§ Directions for this task
Your output should be everything below from the line containing "RICKI'S Stylish Regular" down to the line containing "Wrangler Дънки Larston", both ends included, copied exactly, with pictures left out.

:: Data for analysis

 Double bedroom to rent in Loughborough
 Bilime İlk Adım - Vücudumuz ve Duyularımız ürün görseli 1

::::
:: Data for analysis

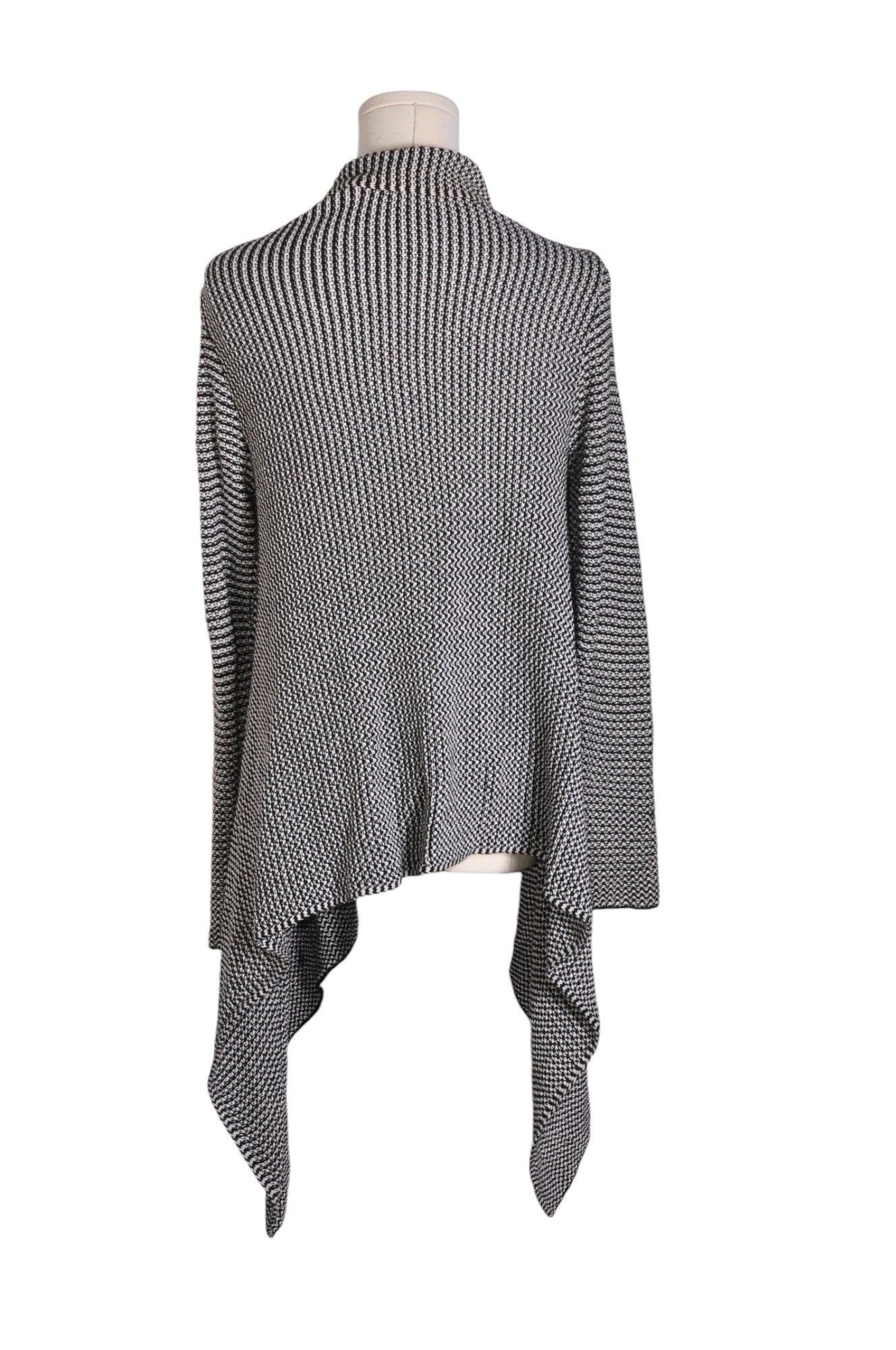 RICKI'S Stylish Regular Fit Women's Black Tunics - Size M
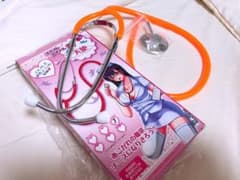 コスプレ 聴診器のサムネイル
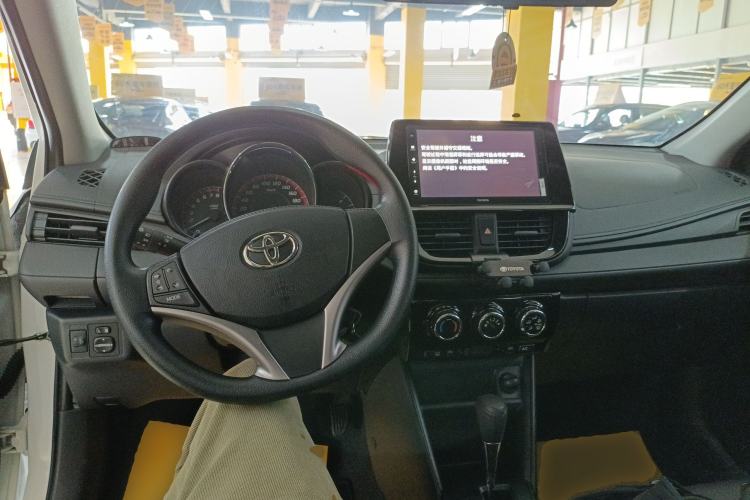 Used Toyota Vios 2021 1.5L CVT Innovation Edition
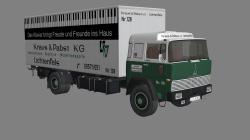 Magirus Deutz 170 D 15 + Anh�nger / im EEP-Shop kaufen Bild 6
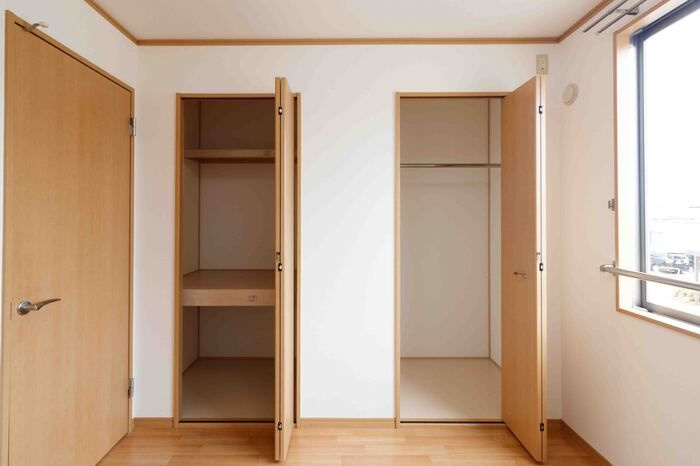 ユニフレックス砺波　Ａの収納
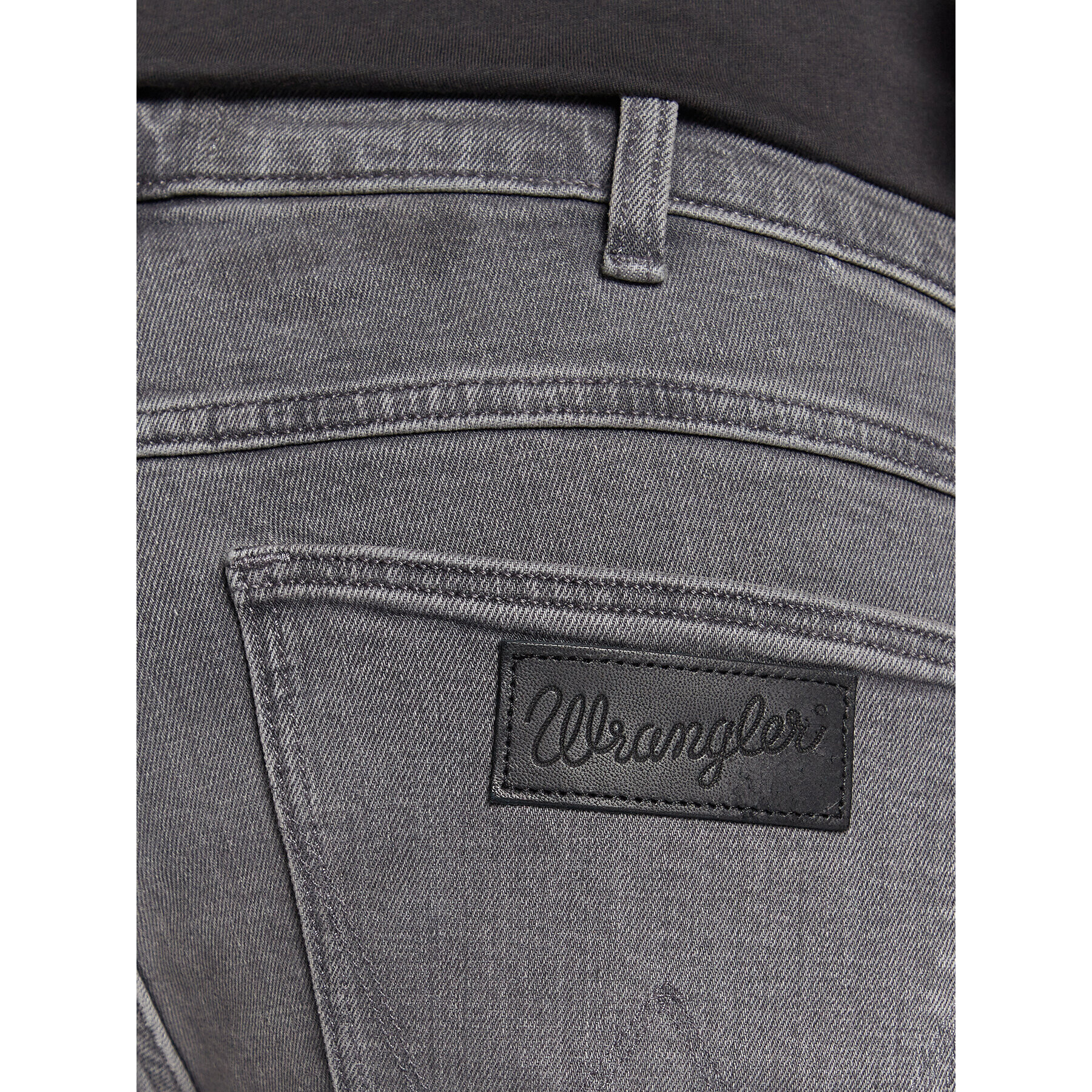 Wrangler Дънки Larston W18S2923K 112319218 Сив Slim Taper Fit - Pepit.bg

::::
:: Data for analysis

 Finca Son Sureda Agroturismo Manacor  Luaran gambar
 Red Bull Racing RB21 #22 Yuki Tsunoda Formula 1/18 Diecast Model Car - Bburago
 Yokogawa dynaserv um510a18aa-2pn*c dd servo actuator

::::

§ Reply
 RICKI'S Stylish Regular Fit Women's Black Tunics - Size M
 コスプレ 聴診器のサムネイル
 Used Toyota Vios 2021 1.5L CVT Innovation Edition
 Magirus Deutz 170 D 15 + Anh�nger / im EEP-Shop kaufen Bild 6
 ユニフレックス砺波　Ａの収納
 Wrangler Дънки Larston W18S2923K 112319218 Сив Slim Taper Fit - Pepit.bg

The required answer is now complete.